Personal information
- Born: March 28, 1958 (age 68) Oxnard, California, U.S.

Career information
- College: Washington Ventura (CA) JC

Career history
- 1983: Chicago Blitz (USFL)
- 1984: Arizona Wranglers (USFL)
- 1985: Portland Breakers (USFL)
- 1985–1988: Hamilton Tiger-Cats
- 1989–1990: Calgary Stampeders
- 1990–1991: Toronto Argonauts
- 1992: Albany Firebirds (AFL)
- 1993–1994: Winnipeg Blue Bombers
- 1994: Las Vegas Sting
- 1996: Charlotte Rage

Awards and highlights
- 2× Grey Cup champion (1986, 1991); First Team All-Arena (1991);

= Tom Porras =

American gridiron football player (born 1958)

Tom Porras (born March 28, 1958) is an American former gridiron football player. He played as a quarterback in the Canadian Football League (CFL) from 1985 to 1994 for four teams. Previously, he played in the United States Football League (USFL) in their three seasons of existence. Later he played in the Arena Football League (AFL).

Porras played college football at the University of Washington in Seattle under head coach Don James, transferring in 1978 from Ventura College in southern California.

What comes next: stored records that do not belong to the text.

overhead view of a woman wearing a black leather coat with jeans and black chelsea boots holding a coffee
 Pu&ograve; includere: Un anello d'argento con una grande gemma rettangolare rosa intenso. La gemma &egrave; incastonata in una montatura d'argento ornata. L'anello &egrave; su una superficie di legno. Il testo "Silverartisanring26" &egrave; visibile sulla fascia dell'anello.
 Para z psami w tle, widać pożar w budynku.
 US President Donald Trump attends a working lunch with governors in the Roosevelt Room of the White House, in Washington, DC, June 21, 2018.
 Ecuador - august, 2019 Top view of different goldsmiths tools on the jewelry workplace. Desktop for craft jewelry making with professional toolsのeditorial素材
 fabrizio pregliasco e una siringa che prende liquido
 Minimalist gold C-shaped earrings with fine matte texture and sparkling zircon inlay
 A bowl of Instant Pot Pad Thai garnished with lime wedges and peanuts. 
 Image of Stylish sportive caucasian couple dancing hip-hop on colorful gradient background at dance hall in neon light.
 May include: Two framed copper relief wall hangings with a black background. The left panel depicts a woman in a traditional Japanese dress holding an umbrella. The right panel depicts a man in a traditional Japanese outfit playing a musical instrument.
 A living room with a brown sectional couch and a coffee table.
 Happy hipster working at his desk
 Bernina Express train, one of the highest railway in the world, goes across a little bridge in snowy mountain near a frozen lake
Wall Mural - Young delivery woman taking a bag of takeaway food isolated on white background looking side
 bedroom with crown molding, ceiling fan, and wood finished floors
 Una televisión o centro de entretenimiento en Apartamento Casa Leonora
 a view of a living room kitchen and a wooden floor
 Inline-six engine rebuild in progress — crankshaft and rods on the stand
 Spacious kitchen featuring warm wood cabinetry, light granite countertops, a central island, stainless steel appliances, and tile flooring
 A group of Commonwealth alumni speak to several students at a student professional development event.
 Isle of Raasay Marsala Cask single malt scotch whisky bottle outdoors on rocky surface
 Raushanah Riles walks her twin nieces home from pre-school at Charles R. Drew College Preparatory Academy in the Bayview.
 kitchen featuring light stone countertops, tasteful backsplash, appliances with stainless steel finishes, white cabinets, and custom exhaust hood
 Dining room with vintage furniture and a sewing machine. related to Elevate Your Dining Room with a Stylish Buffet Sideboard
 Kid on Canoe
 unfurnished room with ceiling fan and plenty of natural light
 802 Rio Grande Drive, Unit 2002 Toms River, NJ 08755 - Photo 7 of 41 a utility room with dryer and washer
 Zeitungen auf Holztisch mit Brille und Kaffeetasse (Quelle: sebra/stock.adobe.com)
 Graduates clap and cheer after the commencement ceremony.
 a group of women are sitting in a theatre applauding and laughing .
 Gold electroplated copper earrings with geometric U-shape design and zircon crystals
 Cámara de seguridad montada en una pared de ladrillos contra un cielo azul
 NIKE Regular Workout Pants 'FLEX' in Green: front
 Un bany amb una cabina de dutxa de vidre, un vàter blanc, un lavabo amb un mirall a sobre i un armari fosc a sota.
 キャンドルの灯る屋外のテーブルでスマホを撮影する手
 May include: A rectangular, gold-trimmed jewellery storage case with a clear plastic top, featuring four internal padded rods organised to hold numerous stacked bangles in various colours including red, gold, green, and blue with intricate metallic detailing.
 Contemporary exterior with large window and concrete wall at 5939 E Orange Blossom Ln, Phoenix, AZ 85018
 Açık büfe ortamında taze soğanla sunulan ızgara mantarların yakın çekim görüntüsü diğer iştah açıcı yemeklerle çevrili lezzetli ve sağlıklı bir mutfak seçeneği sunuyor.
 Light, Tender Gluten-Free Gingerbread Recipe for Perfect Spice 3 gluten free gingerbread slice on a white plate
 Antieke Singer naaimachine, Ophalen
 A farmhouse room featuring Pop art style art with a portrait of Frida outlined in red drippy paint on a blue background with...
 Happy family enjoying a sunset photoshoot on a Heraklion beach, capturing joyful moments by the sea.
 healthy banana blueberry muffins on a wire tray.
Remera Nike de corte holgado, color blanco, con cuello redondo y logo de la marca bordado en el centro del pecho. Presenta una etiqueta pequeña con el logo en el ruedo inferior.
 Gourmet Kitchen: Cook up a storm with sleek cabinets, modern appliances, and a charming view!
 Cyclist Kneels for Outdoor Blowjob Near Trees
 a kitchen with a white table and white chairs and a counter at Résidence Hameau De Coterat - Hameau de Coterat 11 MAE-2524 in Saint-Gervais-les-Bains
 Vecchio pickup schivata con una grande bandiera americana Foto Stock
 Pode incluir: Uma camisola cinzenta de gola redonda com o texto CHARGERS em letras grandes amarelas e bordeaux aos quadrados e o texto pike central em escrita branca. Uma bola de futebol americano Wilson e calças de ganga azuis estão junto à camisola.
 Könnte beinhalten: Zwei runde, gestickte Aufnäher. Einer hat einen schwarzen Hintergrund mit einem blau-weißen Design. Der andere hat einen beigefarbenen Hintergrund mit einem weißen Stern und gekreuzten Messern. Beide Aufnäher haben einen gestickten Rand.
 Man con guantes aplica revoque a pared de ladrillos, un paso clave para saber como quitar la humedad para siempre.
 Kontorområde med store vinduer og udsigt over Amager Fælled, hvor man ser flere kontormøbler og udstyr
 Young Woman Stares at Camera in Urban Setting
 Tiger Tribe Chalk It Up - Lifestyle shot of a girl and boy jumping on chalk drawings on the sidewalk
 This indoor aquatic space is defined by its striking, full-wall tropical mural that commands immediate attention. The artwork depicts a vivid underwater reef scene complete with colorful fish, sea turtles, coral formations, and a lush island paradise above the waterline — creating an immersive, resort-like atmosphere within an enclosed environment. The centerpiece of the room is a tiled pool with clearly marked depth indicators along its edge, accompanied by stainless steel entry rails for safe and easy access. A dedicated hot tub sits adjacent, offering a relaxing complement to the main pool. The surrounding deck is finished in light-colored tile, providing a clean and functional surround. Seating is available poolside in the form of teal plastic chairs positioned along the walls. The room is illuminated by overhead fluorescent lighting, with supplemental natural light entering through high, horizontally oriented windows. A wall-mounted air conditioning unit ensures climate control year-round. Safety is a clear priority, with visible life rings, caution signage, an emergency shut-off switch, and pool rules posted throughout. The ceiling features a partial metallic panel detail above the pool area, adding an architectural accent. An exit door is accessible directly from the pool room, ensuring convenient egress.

From 2003 to 2007, Porras was a substitute teacher and assistant football and track coach at Saguaro High School in Scottsdale, Arizona. On April 26, 2007, he was arrested and placed on administrative leave due to suspicion of sex abuse and public sexual indecency with a female student. The case was dismissed on February 27, 2008 after his confession was thrown out due to a Miranda rights violation.